Today, each existing program is associated with a particular president, which means that no future president will get a lot of glory by expanding them. (Peace Corps = JFK; VISTA = LBJ; Points of Light = Bush I; AmeriCorps = Clinton; USA Freedom Corps = Bush II.)

If one assumes that voluntary national service should be expanded substantially--and there is evidence that the programs work--then we need a new bargain, a new rationale, and a new spirit to inspire a new administration.

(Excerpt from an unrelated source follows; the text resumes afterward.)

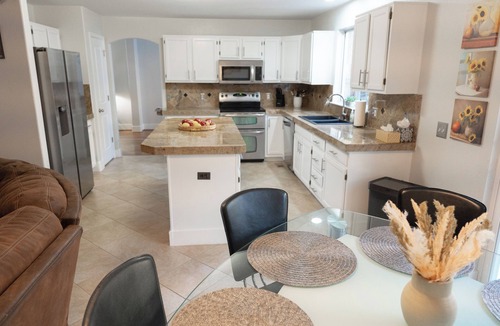 Seven Hills House | Newly remodeled fantastic home!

One argument would go like this: Young people want to serve and address problems, but they are very entrepreneurial. They don't want to serve in government bureaucracies or pile up specialized credentials in preparation for public work. Therefore, we should give them opportunities to work together on public problems through the national service programs. These programs will be training grounds or launching pads for social entrepreneurship. But then government needs to be reformed so that it is more open, flexible, and entrepreneurial. Otherwise, the training grounds will not train for anything. To reform government, we'll need new policies:

1. Despite a somewhat mixed performance record, charter schools certainly provide opportunities for creativity and entrepreneurship within the public sector. Could they be improved, and could a similar approach be used in other areas of public policy? For example, foreign relations and international development are crucial issues today. Could the United States Agency for International Development (AID) use a “charter school” model to run overseas development projects?
2. The No Child Left Behind Act could be amended so that communities, with substantial public participation, are permitted to create their own assessments and accountability measures.
3. The Centers for Disease Control and Prevention are planning a national deliberation on how to respond in the event of a pandemic flu outbreak. Other agencies could use similar processes to address issues that involve serious value conflicts, thereby building genuine legitimacy.
4. AmericaSpeaks (on whose board I sit) has a detailed plan called “millions of voices” for a national deliberation on a public policy issue, using a variety of formats and methods. Congress could convene such a deliberation on an issue like climate change or health and promise to hold hearings on the results.
5. The rulemaking/regulatory process could be transformed if proposed rules were posted online in a format that allowed the public to create discussion threads and wiki-like documents.
6. Several countries have achieved enormous gains in efficiency and cut corruption by involving members of the public in auditing and monitoring government expenditures. This approach could be implemented in the US to improve the performance of schools, public health agencies, and other government programs. One tool for “public accountability” is participatory budgeting, wherein citizens are able to allocate portions of a local capital budget and then track expenditures.
7. FEMA could be required to create a process for convening broad public deliberations in the aftermath of any disaster. Then we would not only see tremendous outpourings of individual volunteerism (as in response to Katrina), but also public participation in setting policies and priorities.
8. Problem-solving courts, such as drug courts, are venues for social entrepreneurship and could be expanded.
9. The National Endowment for the Arts and the National Endowment for the Humanities could focus attention on collaborative, community-based projects.
10. All proposed legislation could be evaluated for its potential impact on civil society and public participation, as a kind of “civic impact statement.”
11. As proposed by Paul Light in 2004, each federal agency could have a “Citizen Liaison Office” that would review existing procedures and programs for barriers to citizen participation. (AmeriCorps members could serve in these offices.)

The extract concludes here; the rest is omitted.